プログレも近いかな。思考性はクラシックだけど、ムーヴメントとしてはロックの流れで、即興性あって。エレクトロとかポップな要素もあるし、クラシックを聴く人だけじゃなくて、いろんな音楽を好む人にとって距離の近い音楽。

ポストクラシックのアーティストや、そういった作品作りに興味を持ったきっかけはなんですか?

Wataru Sato

ニルス・フラームの『Re』は、初めて聞いたとき、なんだこの変な音?って思って色々調べた。そしたら全部DIYで、自分で録ってて、ピアノもオリジナルだったりして。

伊藤(diskunion / DIW Products A&R)

ニルスが背の高い巨大ピアノで録ってるやつも有名ですよね。『Solo』を録ったピアノ。

Wataru Sato

あの下にすごい長いやつね、ニルスの友だちのピアノ職人と一緒に作ったっていう。

伊藤(diskunion / DIW Products A&R)

『Solo』ってチャリティー目的の作品で、この募った資金で更に巨大な4.5メートルのピアノを作ろうとしてるんですよね。(笑)

Wataru Sato

『All Melody』ではニルスのプライベートスタジオを制作してそこをメインに制作したみたいね。

あの人はエンジニアより、機材マニアだし。オーラヴルもミックスは自分でやってる。ポストクラシックの人は音を重要視するから、みんなエンジニアよりの脳を持ってる人が多いかな。

伊藤(diskunion / DIW Products A&R)

わたるさんもそっちの人ですよね。

Wataru Sato

もともとクラシックピアノはやってたけど、クラシックとか大所帯なオーケストラものに聞き辛さを感じてて。室内楽くらいのボリューム感が好きで。オーラヴルのカルテット、クインテットくらいが自分にはちょうど良かったんだよね。マックス・リヒターは別枠だけど。ニルス・フラームも弦入らないし、坂本龍一が好きだったから入りやすかったのもあるかな。

映画から流行するポストクラシック

伊藤(diskunion / DIW Products A&R)

ポストクラシックは、現代音楽のカウンター的な側面もありますよね。

Wataru Sato

現代音楽みたいな調整をはずしていく方向のクラシックは、俺あまりハマんなかったんだよね。ノイズとかアンビエント、ドローンとかの実験音楽は聴いてたな。そっちのセッションやってた頃もあったし。

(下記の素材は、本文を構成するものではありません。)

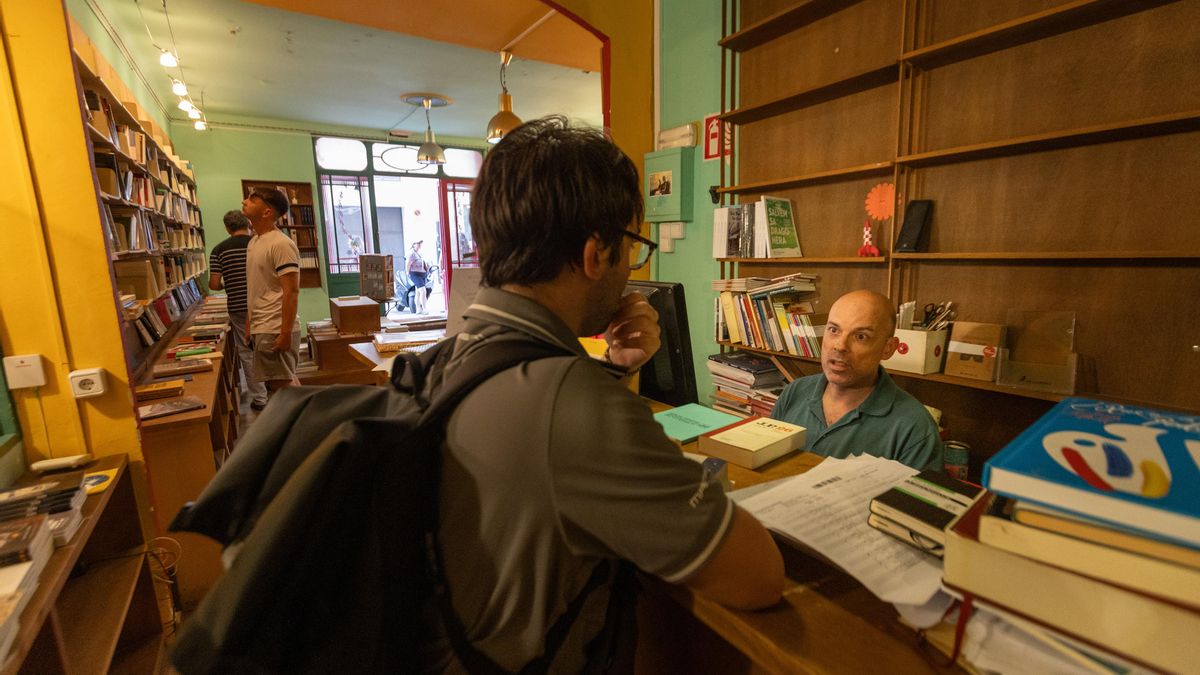La masificación del centro de Palma liquida la utopía de la librería Literanta: “Los cruceristas son como una muralla”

伊藤(diskunion / DIW Products A&R)

現代音楽の作曲家だと学生のときはカールハインツ・シュトックハウゼンとか聴いたかな。あとプログレッシブ・メタルとか。古典的なクラシックやオーケストラが好きで、それから格式高い雰囲気の音に耳がいくようになったんだけど、今は親しみやすくてリラックスして聴けるムードのクラシックが好き。 

ポストクラシックは聴きやすいんですよね。すごく大衆的。

Karlheinz Stockhausen, Gruppen – Ensemble intercontemporain
Wataru Sato

映画音楽とか、サウンドトラック的って言われるよね。

伊藤(diskunion / DIW Products A&R)

プレイリストに“ノマドランド”の曲、ルドヴィコ・エイナウディの「Oltermare」入れました。ルドヴィコは“最強の二人”のテーマ曲「Una Mattina」も良いですよね!

Wataru Sato

あれいいよね。日本だとポストクラシックって映画込みで流行るんだよね。映画“メッセージ”の劇中曲のマックス・リヒター「On The Nature Of Daylight」もそうだけど。映画のタイアップが決まって、来日するパターン。

Max Richter – Richter: On The Nature Of Daylight
伊藤(diskunion / DIW Products A&R)

今はヨハン・ヨハンソンの監督作にして遺作になった“最後にして最初の人類”も気になってます。

ポストクラシックとポストロック、北欧のアーティストたち

伊藤(diskunion / DIW Products A&R)

あと私たちの世代ってポストロックが流行ったじゃないですか?そこも繋がってますよね。

Wataru Sato

その影響は大きいよね。ポストロックの人たちってオーケストラとコラボもやってたし。それこそシガー・ロスとかモグワイ聴いてたのも大きかったかな。あと日本だとMONOとか。歌がない音楽って枠で、当時ポストロックは一番聞かれてたインストじゃないかな。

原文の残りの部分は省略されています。